■ To do
Leaving out the pictures, print exactly the lines from the one holding "5CJ1-White-Back 5CJ1-White-Back" to the last line of the entries below, both included, and nothing more.

■ Entries supplied
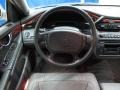 Light Platinum - DeVille Sedan Photo No. 23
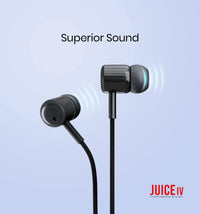 Juice-IV-Black-02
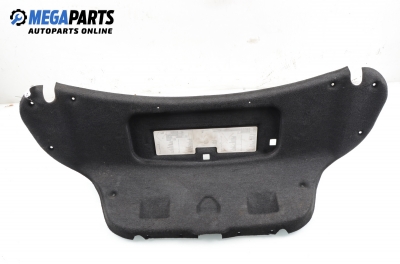 Кора заден капак за BMW 5 Series E60 Sedan (E60) (07.2003 - 03.2010), седан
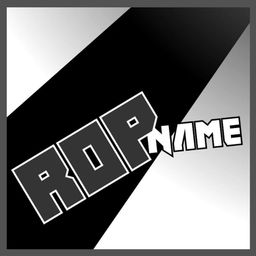 ROPname avatar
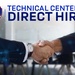 SMDC leads way for hiring engineers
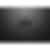 Fisher & Paykel 30 inch Combi Steam Oven with Convection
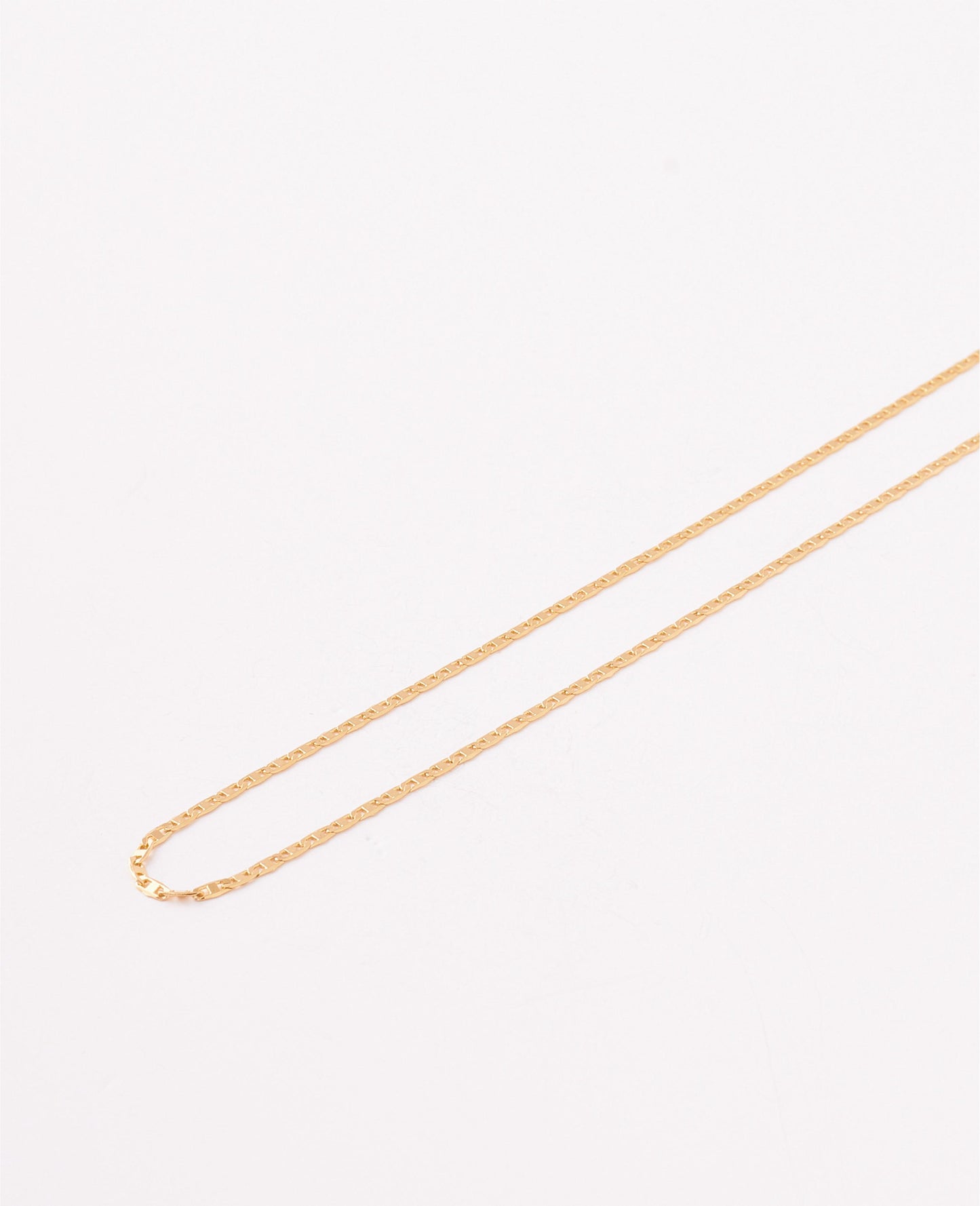 CADENA ESCALERA - 50CM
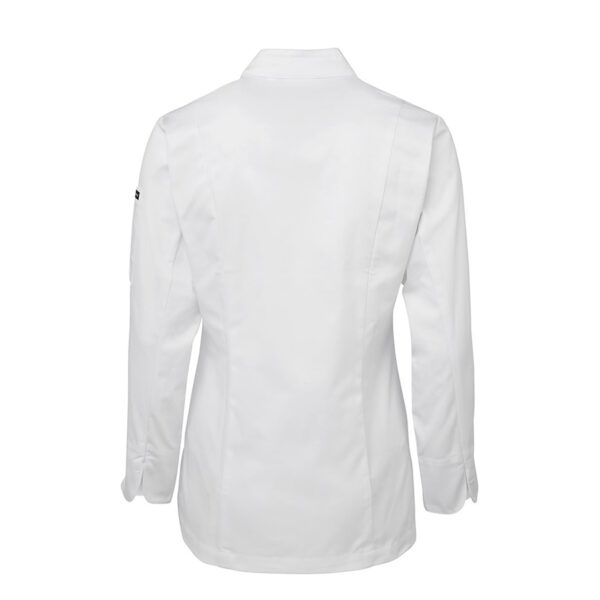 5CJ1-White-Back 5CJ1-White-Back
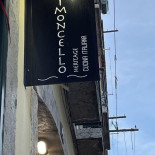 Limoncello Extérieur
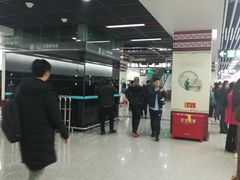 -一品天下(地铁站)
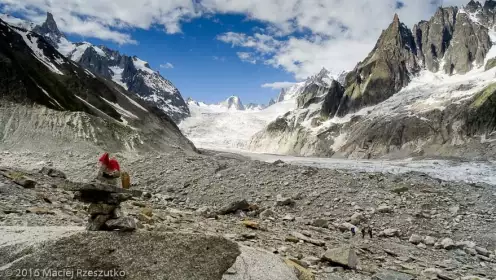 2016-07-08 · 08:56 · Balcon de la Mer de Glace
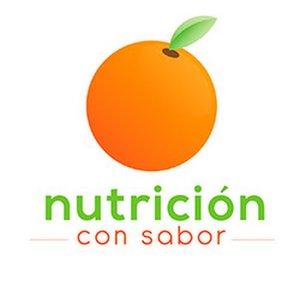 Nutrición Con Sabor
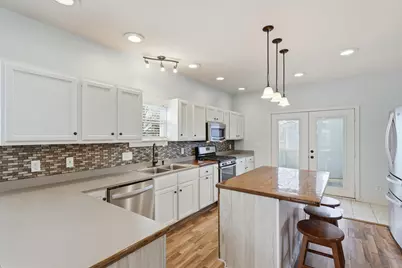 122 9th Street SW, Demotte, IN 46310 - Photo 7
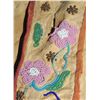 Image 7 : #1477 Canada 1800's First Nations Beaded Jacket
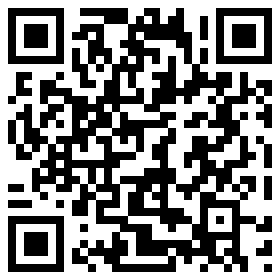 QR code for this page New-salem,Massachusetts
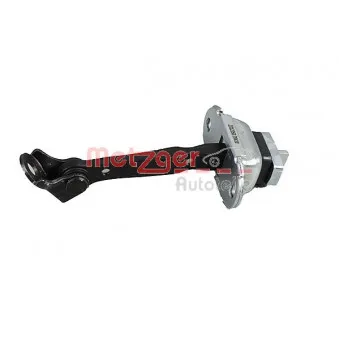 Cale-porte METZGER 2312260
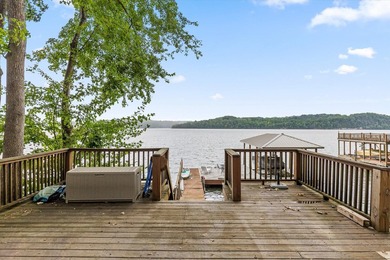 Water Front Living at its beste relax on the main channel of - photo 42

■ Output of the task
 5CJ1-White-Back 5CJ1-White-Back
 Limoncello Extérieur
 -一品天下(地铁站)
 2016-07-08 · 08:56 · Balcon de la Mer de Glace
 Nutrición Con Sabor
 122 9th Street SW, Demotte, IN 46310 - Photo 7
 Image 7 : #1477 Canada 1800's First Nations Beaded Jacket
 QR code for this page New-salem,Massachusetts
 Cale-porte METZGER 2312260
 Water Front Living at its beste relax on the main channel of - photo 42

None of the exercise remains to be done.